■ Supplied records ■
********************

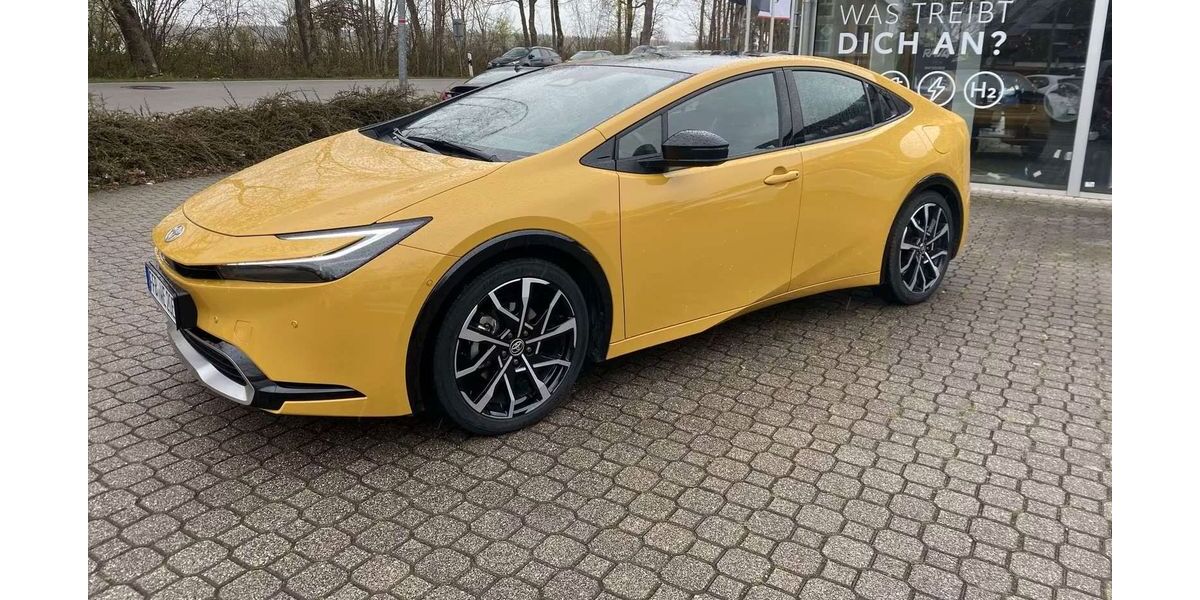 Toyota Prius 8.400 km 26.700 &euro; Köln 51069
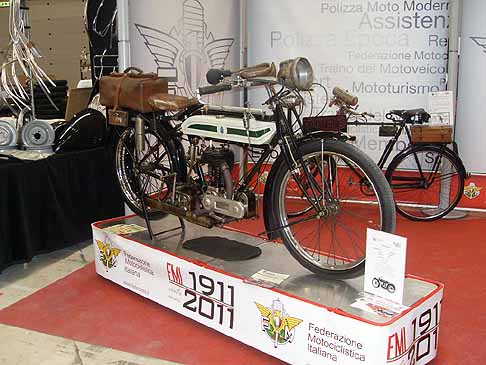 Triumph - Motoclicetta Triumph 1911 la storia racconta i suoi primi 100 anni width=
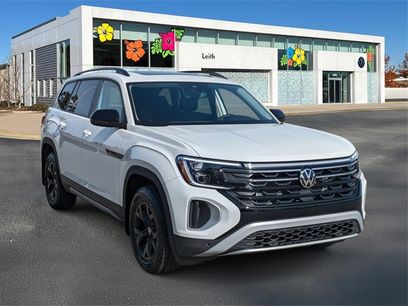 New 2025 Volkswagen Atlas Peak Edition SE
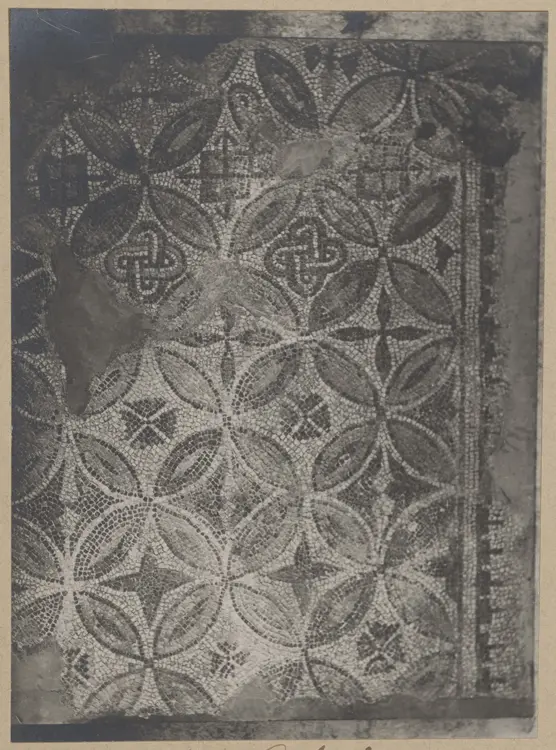 Foto de Cinco mosaicos gallo-romano - POP Plateforme Ouverte du Patrimoine / Base Mérimée - © Ministère de la Culture (France), Médiathèque du patrimoine et de la photographie, diffusion GrandPalaisRmn Photo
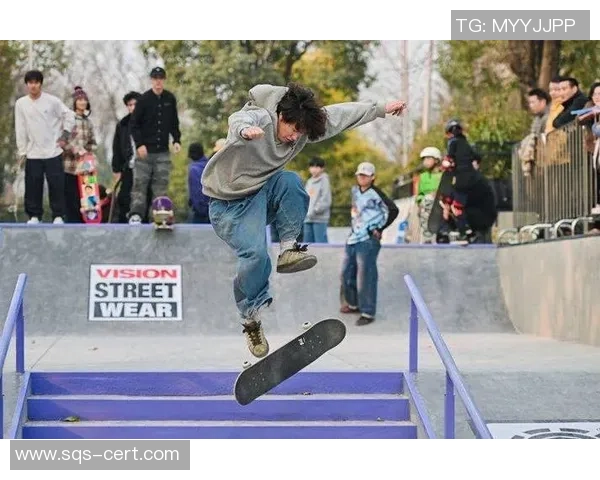 极限运动嘉年华特别报道：重庆滑板队的成长故事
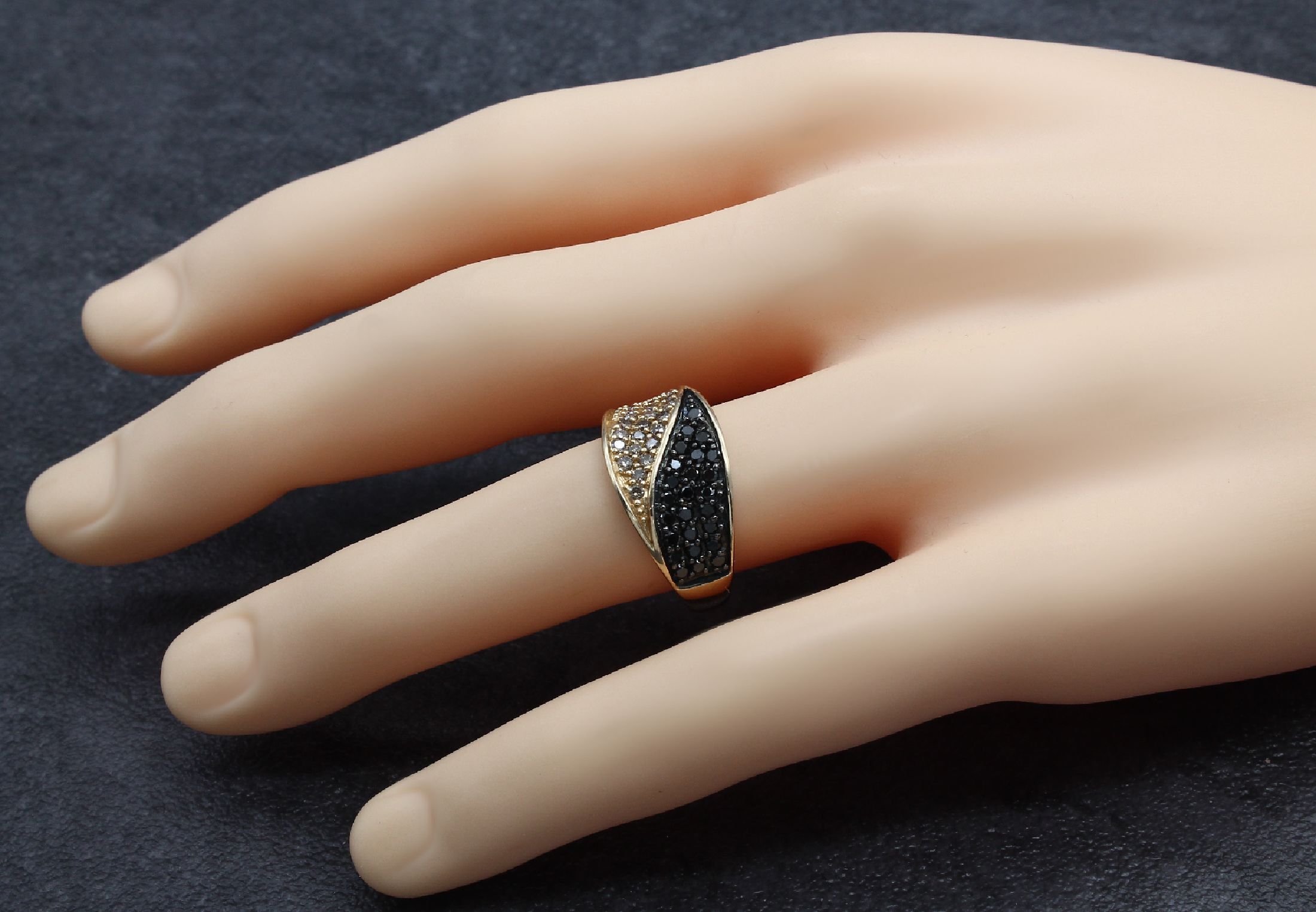 Detail b: 14 kt Gold Brillant-Ring, GG 585/000, 25 schwarze und 25 braune Brillanten zus. ca. 0.50 ct, RW 60, ca. 4.4 g, Hersteller Harry Ivens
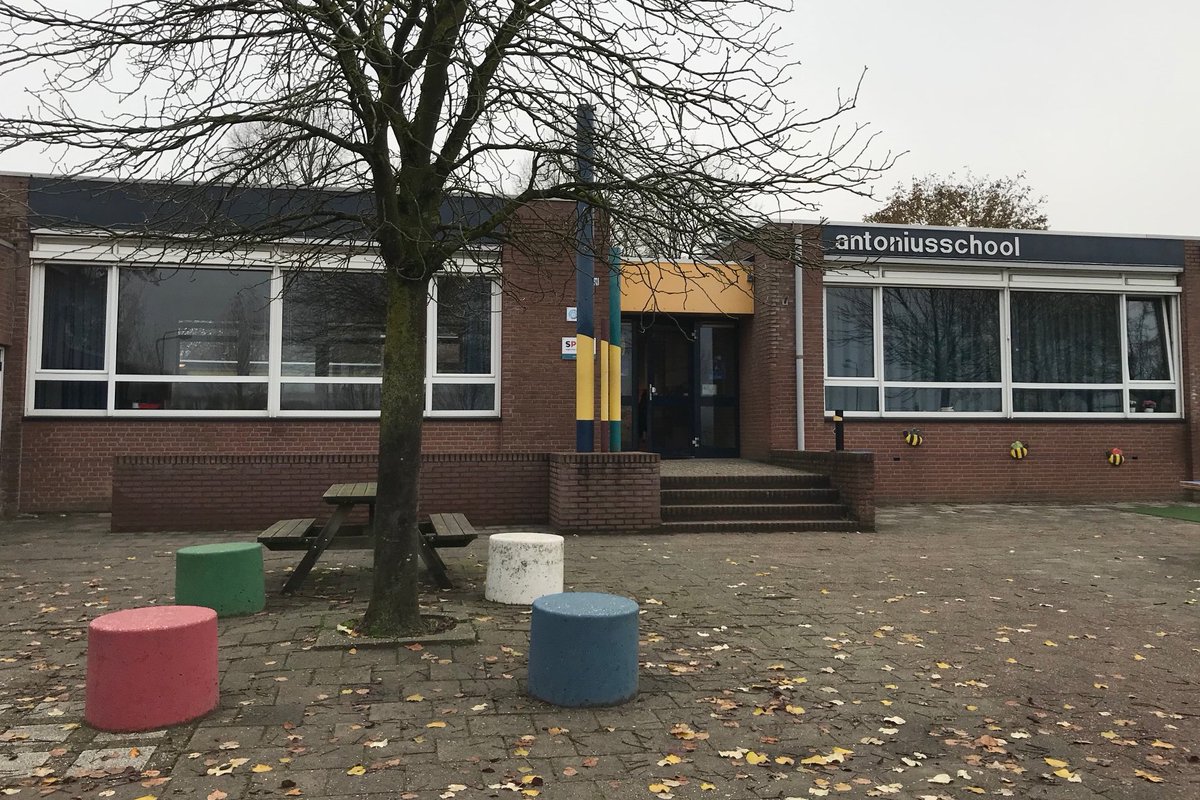 "Fracties gemeenteraad Leudal vragen minister in te grijpen bij herstart school in Buggenum”. Genoeg is genoeg! De situatie rond de basisschool in Buggenum is al zo lang onzeker dat een unaniem signaal namens de fracties van de gemeenteraad Leudal noodzakelijk is geacht.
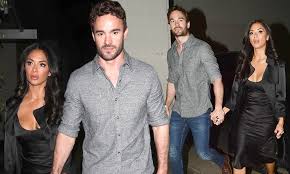 Nicole scherzinger lance alors un appel à ses fans afin d'aider les autorités à retrouver le conducteur qui a pris la fuite 88, 89, 90. Nicole Scherzinger And Boyfriend Thom Evans Look Loved Up At E Baldi In Beverly Hills Daily Mail Online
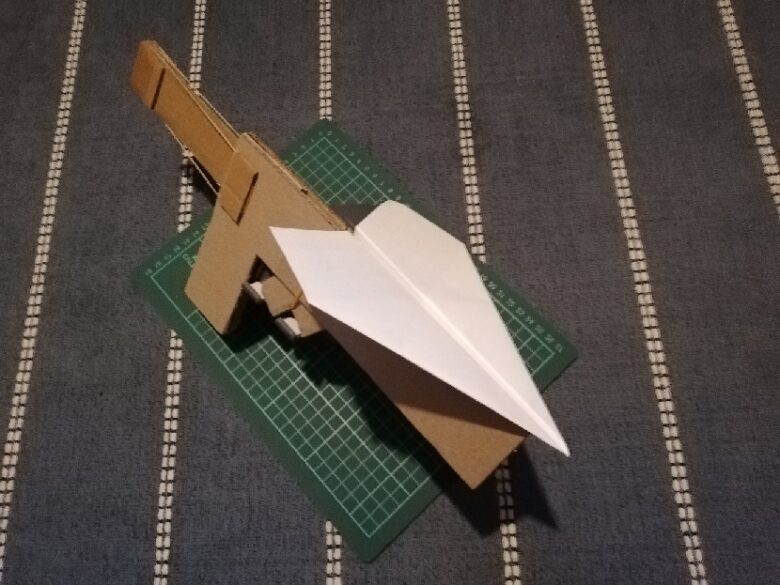 紙飛行機を飛ばそう 段ボールシューターの作り方を解説 ベビセフ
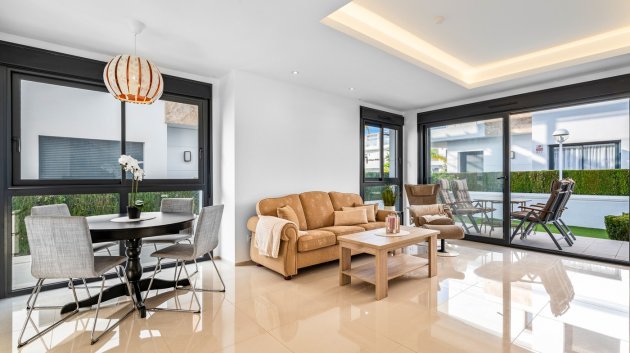 Revente - Villa -
Ciudad Quesada - Lo Marabú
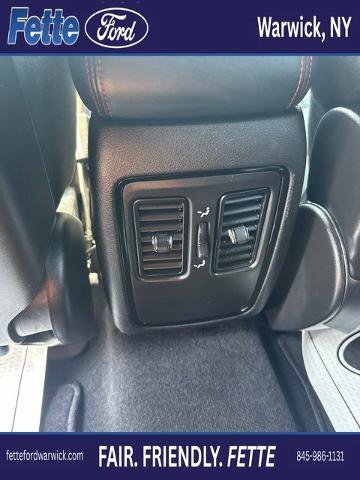 Used 2025 Dodge Durango GT AWD/4WD image 14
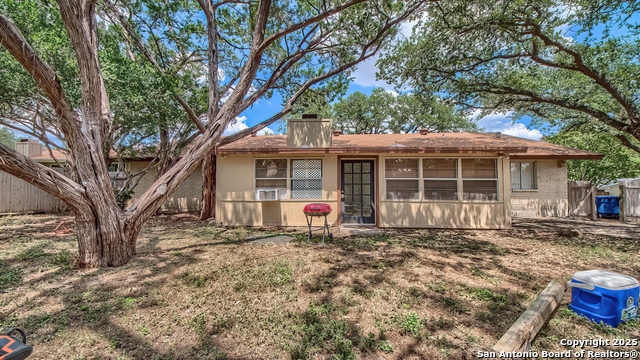 Listing photo id 27 for 4800 Rockford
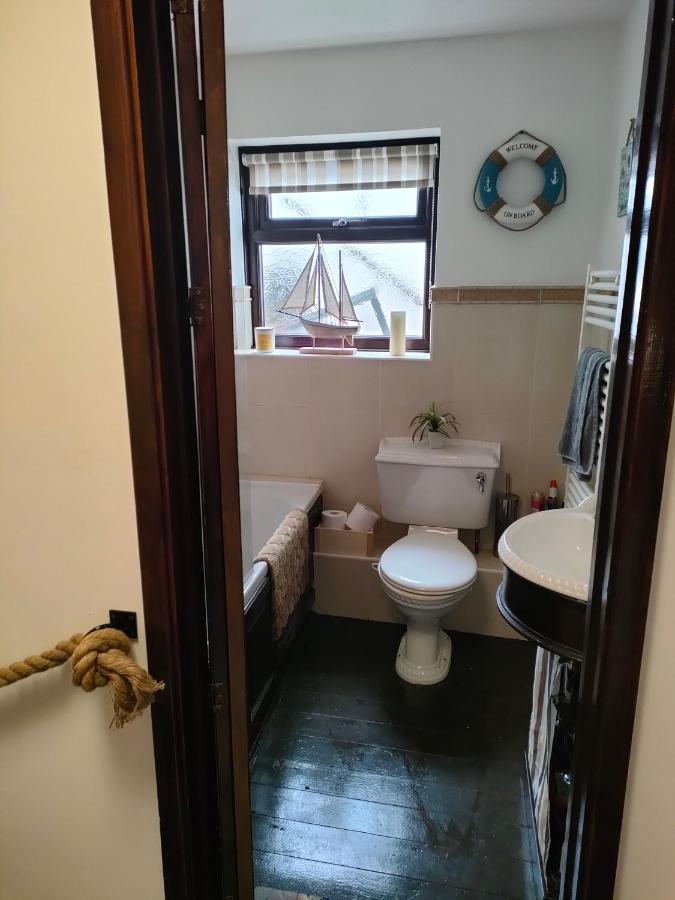 Fishermen'S Cottage With Log Burner, 2 Bathrooms & Sea Views From Garden Terraces Мъмбълс Екстериор снимка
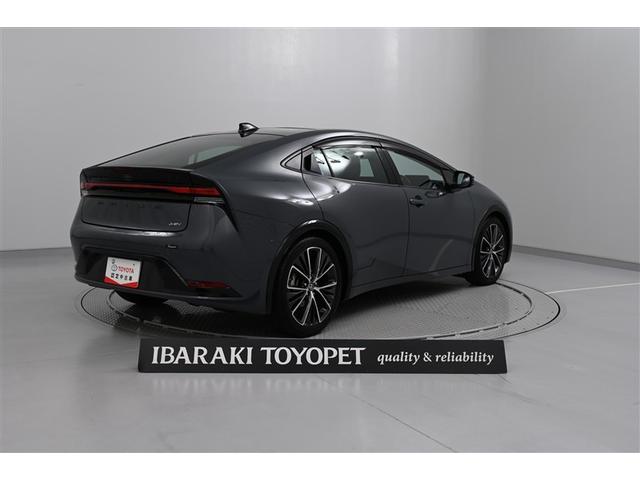 プリウス Ｚ　リアカメラ　パノラマサンルーフ　プリクラッシュ　ＰＷシート　ＬＥＤランプ　オートクルーズ　アルミホイール　ドライブレコーダ　ＡＣ　運転席エアバッグ　横滑り防止装置　ＥＴＣ付　盗難防止システム　ＴＶ（7枚目）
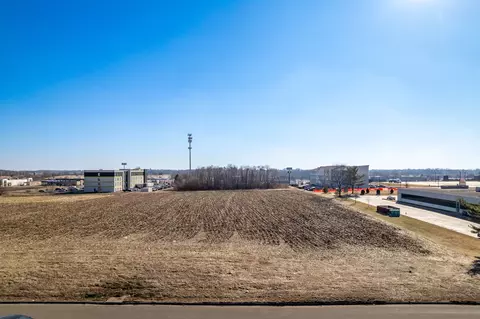 74 Nn Rock Valley Pkwy, Loves Park, IL 61111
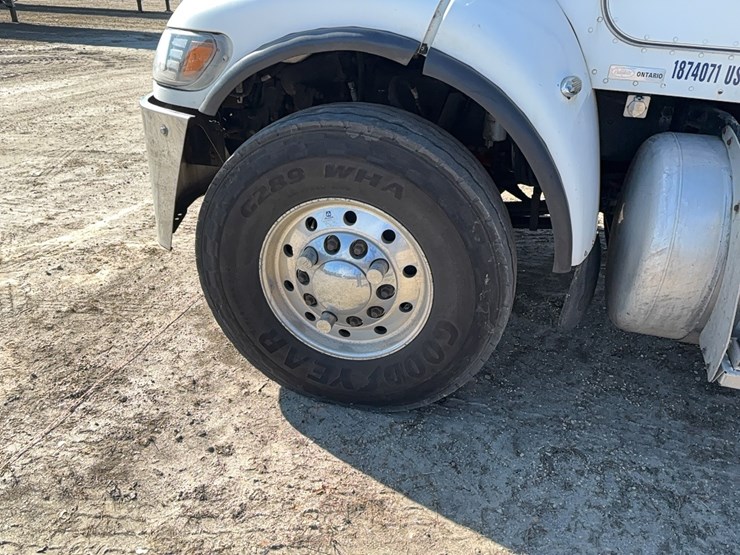 2011-peterbilt-348-image-12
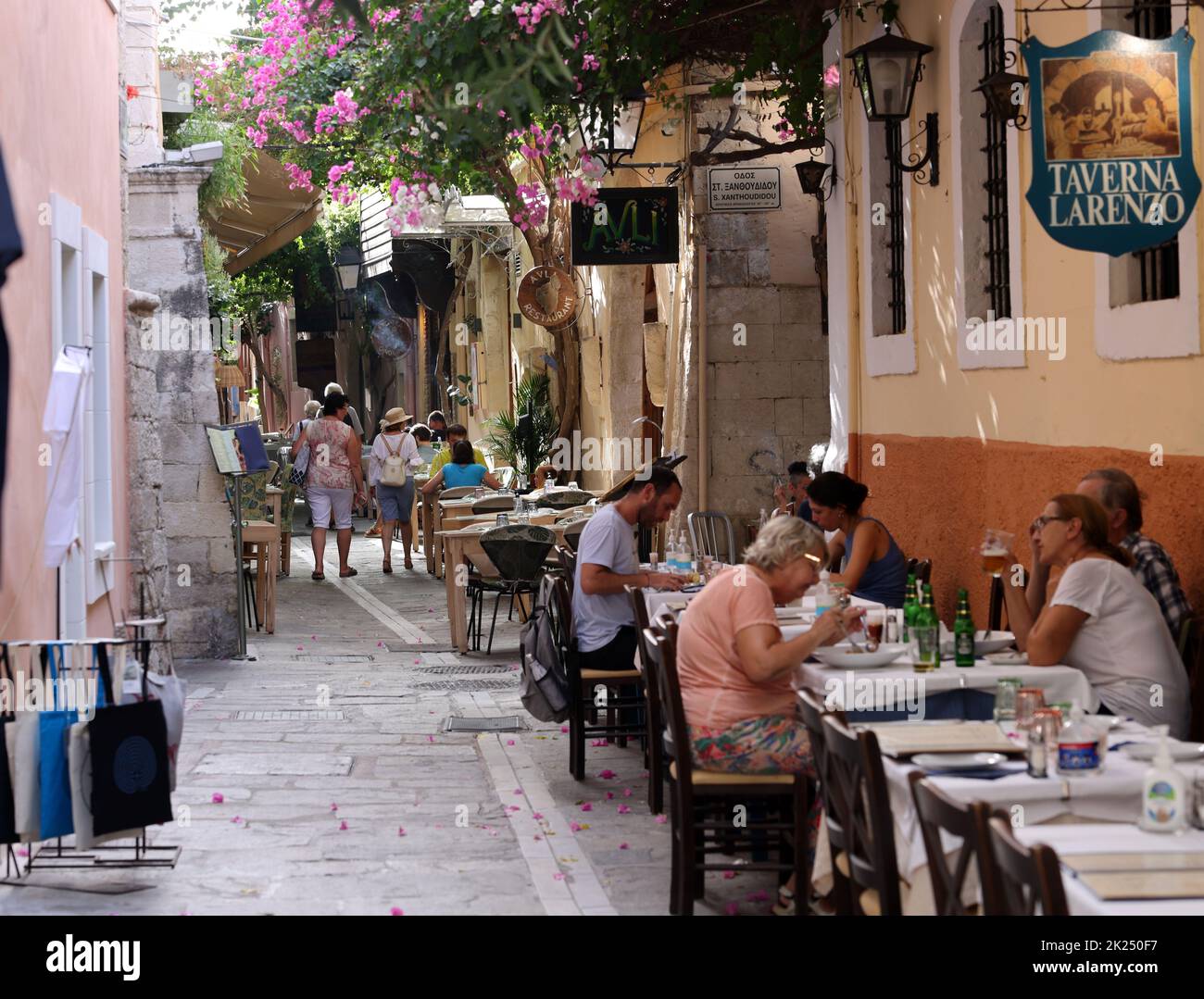 Rethymnon, Kreta, Griechenland - 18. September 2021: Die schmale Straße in der Altstadt von Rethymnon, wo es viele kleine Cafés und Geschäfte gibt Stockfoto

********************

■ Requirement ■
Would you output the lines above from the line holding "New 2025 Volkswagen Atlas Peak Edition SE" up to and including the line holding "极限运动嘉年华特别报道：重庆滑板队的成长故事", exactly and only those, with no pictures?

■ Output of the exercise ■
 New 2025 Volkswagen Atlas Peak Edition SE
 Foto de Cinco mosaicos gallo-romano - POP Plateforme Ouverte du Patrimoine / Base Mérimée - © Ministère de la Culture (France), Médiathèque du patrimoine et de la photographie, diffusion GrandPalaisRmn Photo
 极限运动嘉年华特别报道：重庆滑板队的成长故事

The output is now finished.